## What to produce
Pictures are to be left out. Copy exactly, and only, the lines from the start of the entries below to the line with "Cell Phone Neck", both included.

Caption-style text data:
----

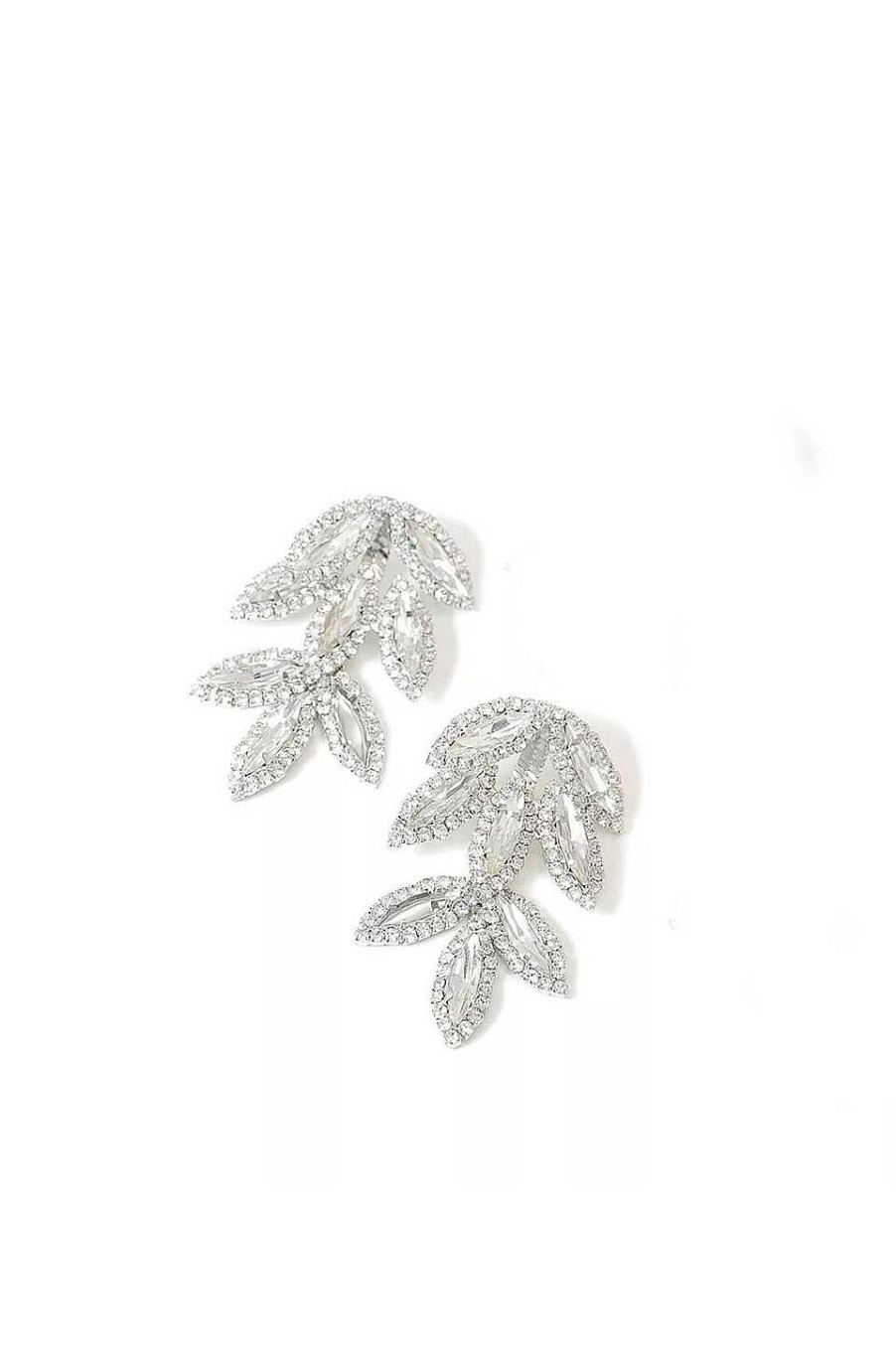 Accesorios Fetiche Suances | Pendientes Hojas De Cristales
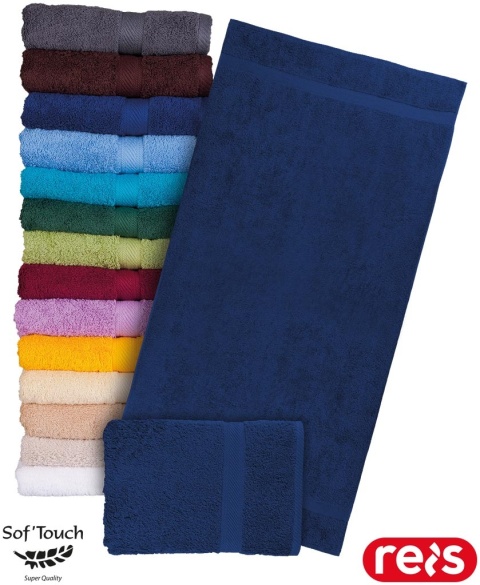 RĘCZNIK FROTTE SOFT-70X140 TKANY Z WYSOKIEJ JAKOŚCI FROTTE GRANATOWY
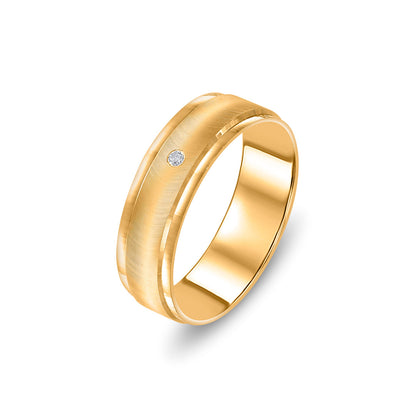 Velvet Finish Men's Gold Ring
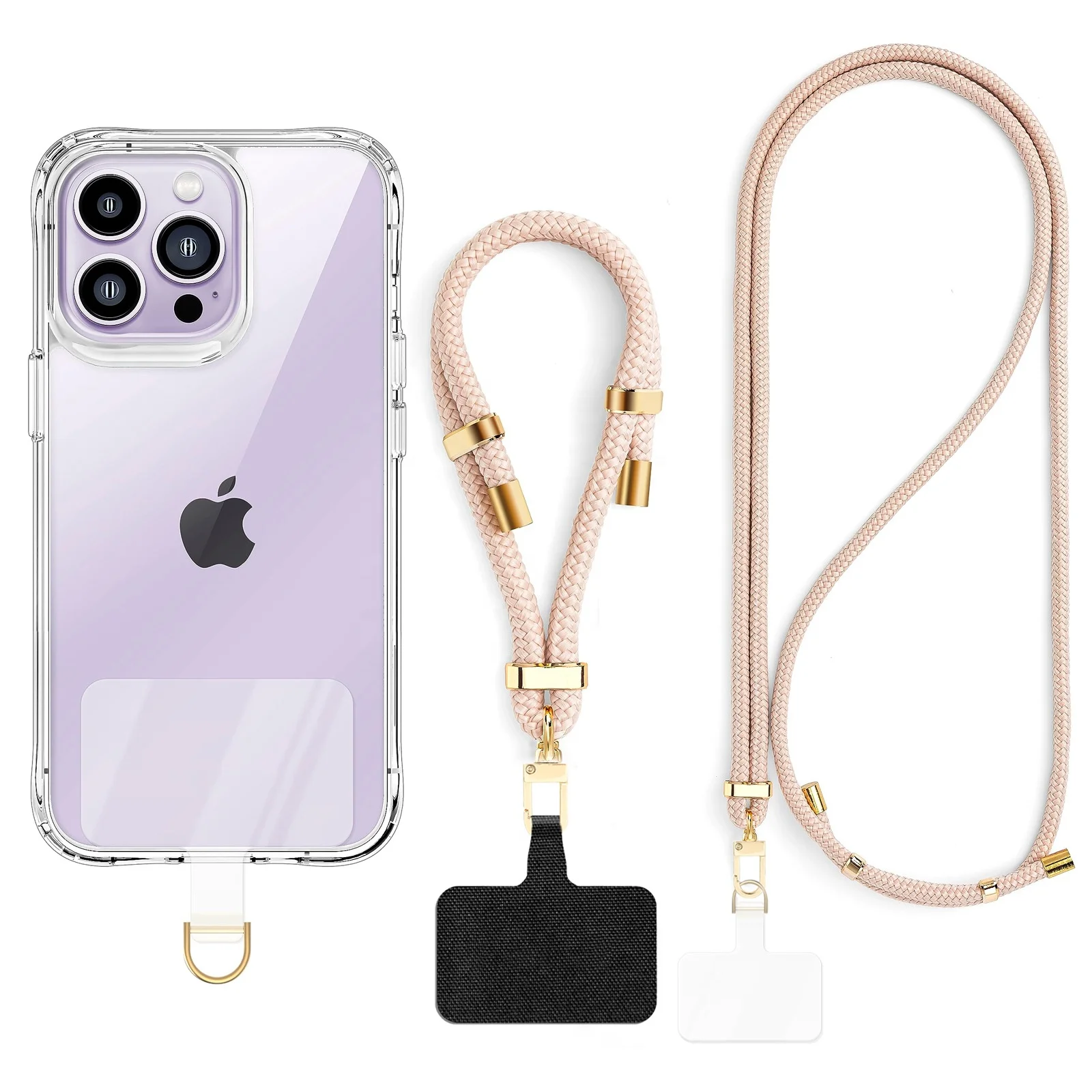 Cell Phone Neck Shoulder Strap Wrist Adjustable Lanyard Patch Phone Lanyard Crossbody For Iphone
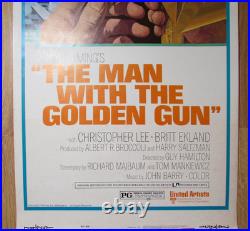 James Bond 007 Movie Poster 14x 36 Vintage Orginal Moore The Man With Golden Gun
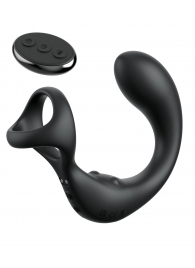 Черный стимулятор простаты с кольцом Ass-gasm Taint-alizer - Pipedream - во Владикавказе купить с доставкой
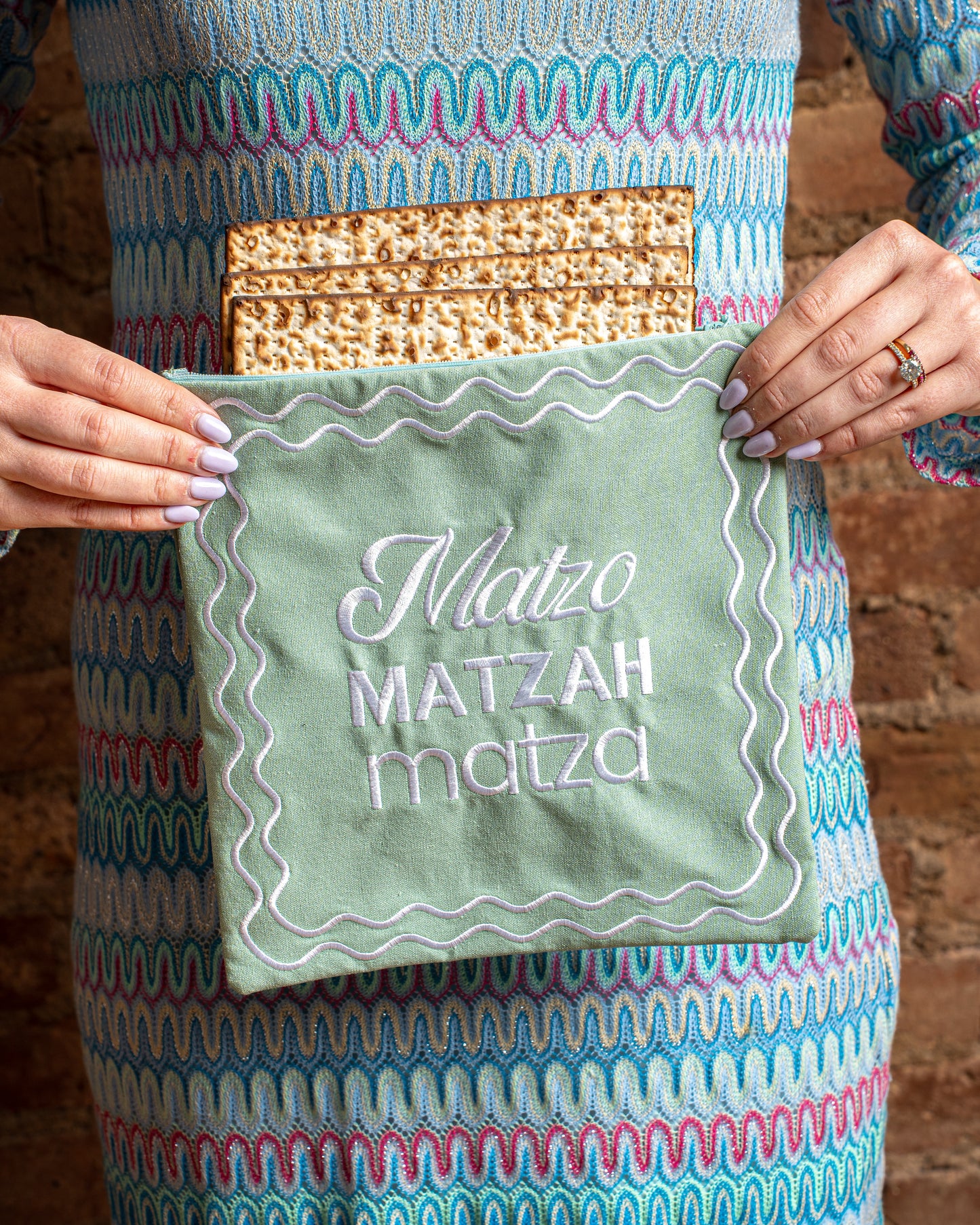 Matzo Purse by The Nosh Table x Nosh with Micah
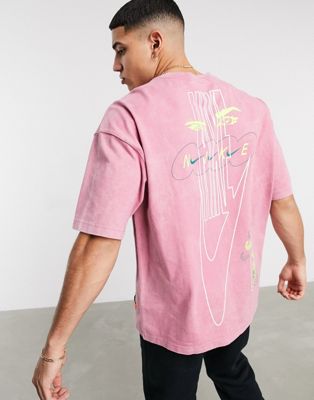 Nike Drip wash t-shirt with print in 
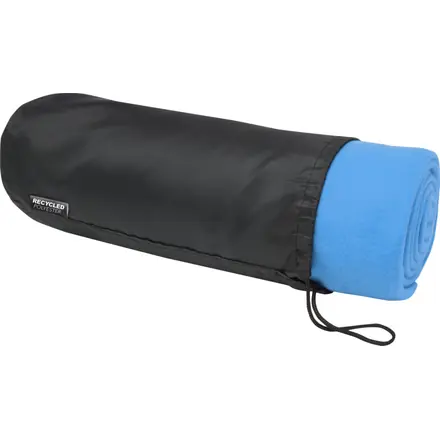 Willow GRS RPET polar fleece blanket - PF Concept promotional product, branded with your logo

----

## Exercise response
 Accesorios Fetiche Suances | Pendientes Hojas De Cristales
 RĘCZNIK FROTTE SOFT-70X140 TKANY Z WYSOKIEJ JAKOŚCI FROTTE GRANATOWY
 Velvet Finish Men's Gold Ring
 Cell Phone Neck Shoulder Strap Wrist Adjustable Lanyard Patch Phone Lanyard Crossbody For Iphone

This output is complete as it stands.